WORK INSTRUCTIONS: After locating the line that contains "آیا زرده تخم مرغ در پیری مضر است؟" in the records below, write out exactly that line and each line after it through the one that contains "Белый Ниссан Rogue, объемом", and nothing else.

SOURCE DATA:
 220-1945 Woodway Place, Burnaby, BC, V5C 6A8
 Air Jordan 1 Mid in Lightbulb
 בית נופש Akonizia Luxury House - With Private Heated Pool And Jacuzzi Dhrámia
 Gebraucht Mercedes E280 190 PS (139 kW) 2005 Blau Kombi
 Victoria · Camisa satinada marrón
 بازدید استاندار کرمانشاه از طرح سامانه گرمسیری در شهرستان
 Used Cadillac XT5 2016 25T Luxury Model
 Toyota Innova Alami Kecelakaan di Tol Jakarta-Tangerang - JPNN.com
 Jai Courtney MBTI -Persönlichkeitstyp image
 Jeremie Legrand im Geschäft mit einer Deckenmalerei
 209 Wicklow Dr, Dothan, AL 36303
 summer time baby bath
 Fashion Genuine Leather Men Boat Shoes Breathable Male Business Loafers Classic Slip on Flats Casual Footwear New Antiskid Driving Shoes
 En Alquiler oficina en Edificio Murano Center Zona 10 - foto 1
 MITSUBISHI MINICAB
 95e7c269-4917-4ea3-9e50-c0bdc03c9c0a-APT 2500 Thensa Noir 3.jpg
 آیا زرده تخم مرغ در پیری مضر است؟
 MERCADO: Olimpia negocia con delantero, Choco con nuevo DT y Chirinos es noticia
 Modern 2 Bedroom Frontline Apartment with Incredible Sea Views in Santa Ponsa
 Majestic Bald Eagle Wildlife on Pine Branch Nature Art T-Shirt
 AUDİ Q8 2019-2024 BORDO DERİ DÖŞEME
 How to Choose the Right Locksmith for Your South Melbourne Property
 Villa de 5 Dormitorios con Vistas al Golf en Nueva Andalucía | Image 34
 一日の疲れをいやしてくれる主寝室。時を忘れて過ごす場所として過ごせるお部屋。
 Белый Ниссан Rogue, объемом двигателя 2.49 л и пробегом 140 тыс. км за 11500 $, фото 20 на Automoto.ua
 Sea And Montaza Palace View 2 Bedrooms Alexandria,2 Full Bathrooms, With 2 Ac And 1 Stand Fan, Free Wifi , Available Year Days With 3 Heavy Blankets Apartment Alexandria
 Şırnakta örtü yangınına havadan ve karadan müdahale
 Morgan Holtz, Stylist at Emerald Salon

RESPONSE:
 آیا زرده تخم مرغ در پیری مضر است؟
 MERCADO: Olimpia negocia con delantero, Choco con nuevo DT y Chirinos es noticia
 Modern 2 Bedroom Frontline Apartment with Incredible Sea Views in Santa Ponsa
 Majestic Bald Eagle Wildlife on Pine Branch Nature Art T-Shirt
 AUDİ Q8 2019-2024 BORDO DERİ DÖŞEME
 How to Choose the Right Locksmith for Your South Melbourne Property
 Villa de 5 Dormitorios con Vistas al Golf en Nueva Andalucía | Image 34
 一日の疲れをいやしてくれる主寝室。時を忘れて過ごす場所として過ごせるお部屋。
 Белый Ниссан Rogue, объемом двигателя 2.49 л и пробегом 140 тыс. км за 11500 $, фото 20 на Automoto.ua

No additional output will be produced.